Besides those two, all tests just passed and more that can now be solved (e.g. the one's that expected an illegal argument exception for being "cyclic."). 

I have some "play queries" in TinkerGraphTest that use AND/OR nesting and I will add those to MatchTest now.

Thanks everyone,
Marko.

http://markorodriguez.com

On Jun 18, 2015, at 7:20 AM, Marko Rodriguez <ok...@gmail.com> wrote:

> Hi Stephen,
> 
> There are 3 failing tests. 2 of them are because MatchStep expects a IllegalArgumentException to be thrown because MatchStep can't solve the pattern -- XMatch can. The other one is because of different number of results --- again, debatable on what to actually return as both XMatch and Match return the "right" results, just if the duplicates should be allowed or not.
> 
> Marko.
> 
> http://markorodriguez.com
> 
> On Jun 18, 2015, at 4:44 AM, Stephen Mallette <sp...@gmail.com> wrote:
> 
>> I wanted to see what kind of test coverage existed over XMatch so I quickly
>> swapped xmatch for match.  I'm not sure if additional work needs to be
>> done, but several tests don't pass under xmatch - perhaps the answer there
>> is trivial when you dig into it.  In any case, as it stands with the
>> failing tests, XMatchStep has reasonable coverage, though a few more
>> targeted tests to cover those areas would give me more confidence in a +1
>> for GA.
>> 
>> On Wed, Jun 17, 2015 at 9:37 PM, Matthias Broecheler <me...@matthiasb.com>
>> wrote:
>> 
>>> +1 - I like the consolidation around the different traversal concepts and
>>> the resulting simplification where execution is more orthogonal from
>>> optimization.
>>> 
>>> On Wed, Jun 17, 2015 at 5:03 PM Joshua Shinavier <jo...@fortytwo.net>
>>> wrote:
>>> 
>>>> No objection.  The code is simpler, and it seems like a good course
>>>> correction w.r.t. traversal optimization.  Might be possible to drop in
>>>> something close to the current MatchStep (*) as an alternative if
>>> desired.
>>>> 
>>>> Best,
>>>> 
>>>> Josh
>>>> 
>>>> *) basically, keep track of the inputs and outputs of each component
>>>> traversal of the match, build a plan which minimizes the likely cost of
>>>> running the next element through the plan, keep updating the plan
>>>> 
>>>> 
>>>> On Wed, Jun 17, 2015 at 6:05 PM, Marko Rodriguez <ok...@gmail.com>
>>>> wrote:
>>>> 
>>>>> Hello,
>>>>> 
>>>>> For the last week or so I've been working on XMatchStep w/ Kuppitz.
>>> What
>>>>> spurned this was my burning desire to get and/or/not settled by GA and
>>>>> where()/match() are the culprits that leverage it the most.
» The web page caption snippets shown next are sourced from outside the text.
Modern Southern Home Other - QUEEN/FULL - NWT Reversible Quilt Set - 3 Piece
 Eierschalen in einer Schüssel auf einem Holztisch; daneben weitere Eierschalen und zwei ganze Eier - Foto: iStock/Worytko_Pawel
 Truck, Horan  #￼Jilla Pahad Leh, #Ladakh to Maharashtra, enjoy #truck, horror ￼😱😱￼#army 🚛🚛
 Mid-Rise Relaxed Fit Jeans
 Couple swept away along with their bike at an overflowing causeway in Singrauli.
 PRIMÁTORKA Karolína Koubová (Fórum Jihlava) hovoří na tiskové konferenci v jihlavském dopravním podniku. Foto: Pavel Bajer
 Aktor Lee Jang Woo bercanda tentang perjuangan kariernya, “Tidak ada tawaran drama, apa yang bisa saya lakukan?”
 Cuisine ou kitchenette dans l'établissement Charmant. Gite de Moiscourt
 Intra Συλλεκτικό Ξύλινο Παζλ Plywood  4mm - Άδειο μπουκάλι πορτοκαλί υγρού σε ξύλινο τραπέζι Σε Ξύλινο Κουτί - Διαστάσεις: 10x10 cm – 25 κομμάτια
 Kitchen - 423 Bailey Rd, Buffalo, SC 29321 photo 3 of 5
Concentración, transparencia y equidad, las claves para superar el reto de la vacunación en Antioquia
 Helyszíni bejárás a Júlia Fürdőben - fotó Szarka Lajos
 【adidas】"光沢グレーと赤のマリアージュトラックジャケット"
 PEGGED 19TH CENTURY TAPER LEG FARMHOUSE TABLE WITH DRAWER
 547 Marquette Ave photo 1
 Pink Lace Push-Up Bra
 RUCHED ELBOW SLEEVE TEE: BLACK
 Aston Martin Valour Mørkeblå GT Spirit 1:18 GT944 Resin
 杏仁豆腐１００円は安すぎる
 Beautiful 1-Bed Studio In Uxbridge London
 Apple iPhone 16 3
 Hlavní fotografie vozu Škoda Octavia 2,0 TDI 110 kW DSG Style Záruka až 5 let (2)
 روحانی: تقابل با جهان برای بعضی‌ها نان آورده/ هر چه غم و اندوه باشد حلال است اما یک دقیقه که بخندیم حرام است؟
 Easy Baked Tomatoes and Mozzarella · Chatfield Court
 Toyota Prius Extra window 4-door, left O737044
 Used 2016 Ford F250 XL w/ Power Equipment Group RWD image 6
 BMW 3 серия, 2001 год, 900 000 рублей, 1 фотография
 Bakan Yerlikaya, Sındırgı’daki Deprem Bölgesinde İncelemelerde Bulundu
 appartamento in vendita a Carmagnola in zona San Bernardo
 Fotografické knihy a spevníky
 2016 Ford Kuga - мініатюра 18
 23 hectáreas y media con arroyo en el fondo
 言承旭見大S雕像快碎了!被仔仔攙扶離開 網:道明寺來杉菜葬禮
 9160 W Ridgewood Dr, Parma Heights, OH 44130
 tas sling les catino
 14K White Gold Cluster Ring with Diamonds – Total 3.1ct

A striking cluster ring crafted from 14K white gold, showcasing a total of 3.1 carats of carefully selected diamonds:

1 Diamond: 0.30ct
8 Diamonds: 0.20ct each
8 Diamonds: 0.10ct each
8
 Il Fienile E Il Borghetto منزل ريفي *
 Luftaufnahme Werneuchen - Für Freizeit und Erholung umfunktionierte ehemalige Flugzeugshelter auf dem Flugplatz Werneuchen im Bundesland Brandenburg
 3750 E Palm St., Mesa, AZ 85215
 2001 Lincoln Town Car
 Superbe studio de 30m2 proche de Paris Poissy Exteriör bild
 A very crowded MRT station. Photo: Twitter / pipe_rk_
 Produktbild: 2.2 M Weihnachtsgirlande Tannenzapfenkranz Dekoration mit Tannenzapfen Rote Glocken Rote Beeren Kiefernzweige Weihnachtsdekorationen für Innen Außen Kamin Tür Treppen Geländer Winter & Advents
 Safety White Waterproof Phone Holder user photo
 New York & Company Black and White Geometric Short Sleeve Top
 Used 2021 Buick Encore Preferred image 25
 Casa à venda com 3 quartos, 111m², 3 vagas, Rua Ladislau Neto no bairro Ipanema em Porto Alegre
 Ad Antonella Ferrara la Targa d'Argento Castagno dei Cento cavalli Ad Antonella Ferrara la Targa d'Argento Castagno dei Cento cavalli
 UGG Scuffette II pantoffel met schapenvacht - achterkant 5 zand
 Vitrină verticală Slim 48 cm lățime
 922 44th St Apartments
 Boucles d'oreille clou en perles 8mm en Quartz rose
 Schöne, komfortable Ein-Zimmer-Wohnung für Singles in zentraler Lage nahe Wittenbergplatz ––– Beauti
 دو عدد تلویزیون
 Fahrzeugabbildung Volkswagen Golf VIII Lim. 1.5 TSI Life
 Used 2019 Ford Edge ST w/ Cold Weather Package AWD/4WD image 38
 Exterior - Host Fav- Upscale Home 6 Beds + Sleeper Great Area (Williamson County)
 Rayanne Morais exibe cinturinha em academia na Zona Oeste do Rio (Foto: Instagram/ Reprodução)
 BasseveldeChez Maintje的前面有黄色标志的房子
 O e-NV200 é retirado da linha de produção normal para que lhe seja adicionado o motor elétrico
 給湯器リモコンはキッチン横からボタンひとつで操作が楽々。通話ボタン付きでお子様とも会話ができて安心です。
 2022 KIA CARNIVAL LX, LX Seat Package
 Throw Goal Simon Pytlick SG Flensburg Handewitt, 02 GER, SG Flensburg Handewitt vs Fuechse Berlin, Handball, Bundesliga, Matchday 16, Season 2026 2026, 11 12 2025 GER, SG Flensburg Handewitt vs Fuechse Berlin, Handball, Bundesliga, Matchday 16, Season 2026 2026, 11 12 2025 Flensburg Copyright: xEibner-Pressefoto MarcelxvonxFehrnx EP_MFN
In fact,
>>>> along
>>>>> with XMatchStep, WhereStep has gotten a massive revamping for the
>>> better.
>>>>> Anywho, first off, XMatchStep:
>>>>> 
>>>>> ..simple, elegant -- easy, breezy, cover girl:
>>>>> 
>>>>> 
>>>>> 
>>>> 
>>> https://github.com/apache/incubator-tinkerpop/blob/ebb0fd69821857ecefecf9222983c2bd0e189650/gremlin-core/src/main/java/org/apache/tinkerpop/gremlin/process/traversal/step/filter/exp/XMatchStep.java
>>>>> 
>>>>> It is now at a point where it is passing all the MatchTest tests  (save
>>>>> one -- whose expected results are up to debate) and is comparable in
>>>>> performance to the original MatchStep developed by Josh Shinavier
>>> (cc:d)
>>>>> which leverages Matthias Bröcheler's budget match algorithm.
>>>>> 
>>>>> There are a few things about XMatchStep that make it "better" than the
>>>>> current/original MatchStep:
>>>>> 
>>>>>        1. Works for both OLAP and OLTP.
>>>>>        2. Supports nested AND/OR'ing.
>>>>>        3. Supports pluggable "match algorithms." (i.e. pattern
>>> execution
>>>>> plan)
>>>>>        4. Maintains no runtime state (fully functional).
>>>>>        5. Uses the more recent advances in TinkerPop's Step framework.
>>>>>                e.g. Scoping, ComputerAwareStep, ConjunctionStep, etc.
>>>>>        6. Supports a broader range of legal patterns.
>>>>>        7. Supports local barrier patterns (i.e. count(), min(), max(),
>>>>> etc.).
>>>>>        8. Supports sideEffects (i.e. as('a').within("x"))
>>>>>        9. Supports pulling out HasContainers for GraphStep index
>>>> lookups.
>>>>>        10. Supports not'ing patterns [coming soon].
>>>>> 
>>>>> Below are the runtimes for some pattern matches over the Grateful Dead
>>>>> graph. The xmatch()-times specified are using CountMatchAlgorithm which
>>>> is
>>>>> basically "dynamically sort the match pattern execution plan according
>>> to
>>>>> each pattern's set reduction abilities."
>>>>> 
>>>>>        MatchStep vs. XMatchStep:
>>>>> https://gist.github.com/okram/d49e1abf48fdc18f77f9
>>>>> 
>>>>>        CountMatchAlgorithm:
>>>>> 
>>>> 
>>> https://github.com/apache/incubator-tinkerpop/blob/ebb0fd69821857ecefecf9222983c2bd0e189650/gremlin-core/src/main/java/org/apache/tinkerpop/gremlin/process/traversal/step/filter/exp/XMatchStep.java#L451
>>>>> 
>>>>> As it stands, it seems that the simple CountMatchAlgorithm is
>>> sufficient
>>>>> to perform better than MatchStep's budget match implementation.
>>> However,
>>>> as
>>>>> we do more queries and learn more tricks we can always add more match
>>>>> algorithms. Easy breezy -- yes, cover girl.
>>>>> 
>>>>> In sum total, I would like to replace MatchStep with XMatchStep for GA.
>>>> If
>>>>> anyone has any thoughts/arguments on the matter, please state them.
>>>>> 
>>>>> Thank you,
>>>>> Marko.
>>>>> 
>>>>> http://markorodriguez.com
>>>>> 
>>>>> 
>>>> 
>>> 
> 


Re: XMatchStep -- A New MatchStep for GA?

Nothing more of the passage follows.